### [What the task asks]
The material below holds pictures, which are to be left out; copy exactly the lines from the one with "Messenger RNA molecules" through the one with "( - CNC DIPTERA".

### [Data listing]
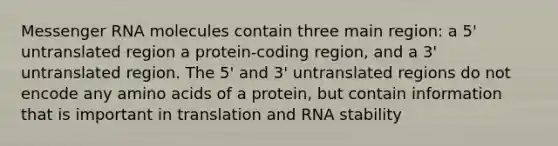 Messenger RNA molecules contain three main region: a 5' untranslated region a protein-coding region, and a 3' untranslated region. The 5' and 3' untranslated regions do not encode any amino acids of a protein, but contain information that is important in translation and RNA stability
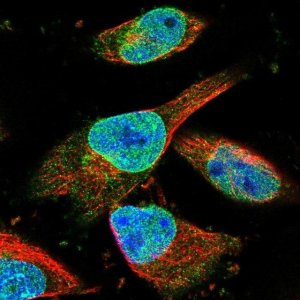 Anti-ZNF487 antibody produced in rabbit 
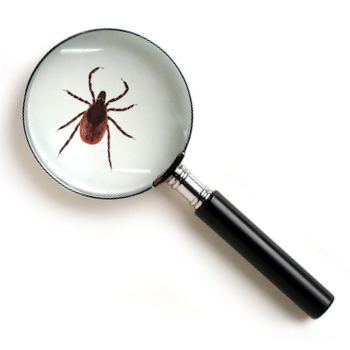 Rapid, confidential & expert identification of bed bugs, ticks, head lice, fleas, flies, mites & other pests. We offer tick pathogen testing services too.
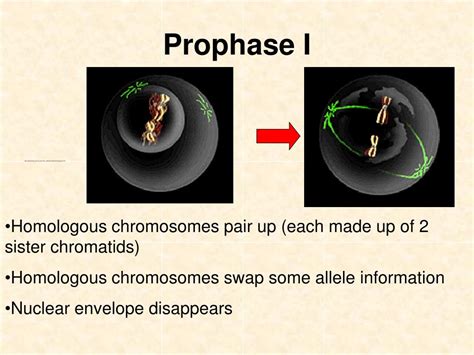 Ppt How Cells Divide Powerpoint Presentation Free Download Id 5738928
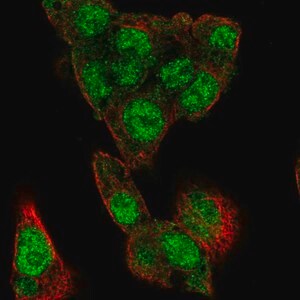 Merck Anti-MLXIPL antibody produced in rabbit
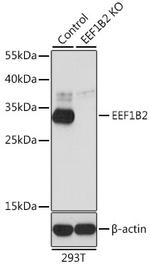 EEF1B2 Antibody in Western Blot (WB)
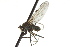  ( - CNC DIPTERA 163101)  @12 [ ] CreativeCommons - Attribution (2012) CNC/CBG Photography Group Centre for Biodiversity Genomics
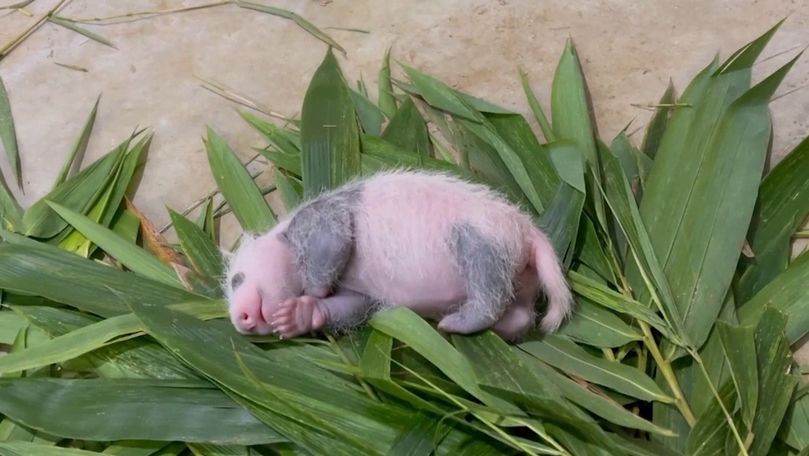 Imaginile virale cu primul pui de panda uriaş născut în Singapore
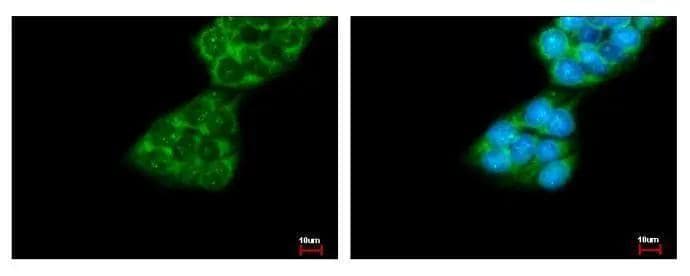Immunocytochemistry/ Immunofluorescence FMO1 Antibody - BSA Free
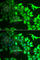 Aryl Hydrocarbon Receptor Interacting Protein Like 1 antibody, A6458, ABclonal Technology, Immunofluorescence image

...

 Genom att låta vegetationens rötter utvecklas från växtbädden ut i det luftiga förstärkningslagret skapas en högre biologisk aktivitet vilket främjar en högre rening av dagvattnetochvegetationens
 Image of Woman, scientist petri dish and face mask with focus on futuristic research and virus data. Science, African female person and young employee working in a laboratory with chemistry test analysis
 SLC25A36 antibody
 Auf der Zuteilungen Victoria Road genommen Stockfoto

### [Result for this task]
 Messenger RNA molecules contain three main region: a 5' untranslated region a protein-coding region, and a 3' untranslated region. The 5' and 3' untranslated regions do not encode any amino acids of a protein, but contain information that is important in translation and RNA stability
 Anti-ZNF487 antibody produced in rabbit 
 Rapid, confidential & expert identification of bed bugs, ticks, head lice, fleas, flies, mites & other pests. We offer tick pathogen testing services too.
 Ppt How Cells Divide Powerpoint Presentation Free Download Id 5738928
 Merck Anti-MLXIPL antibody produced in rabbit
 EEF1B2 Antibody in Western Blot (WB)
  ( - CNC DIPTERA 163101)  @12 [ ] CreativeCommons - Attribution (2012) CNC/CBG Photography Group Centre for Biodiversity Genomics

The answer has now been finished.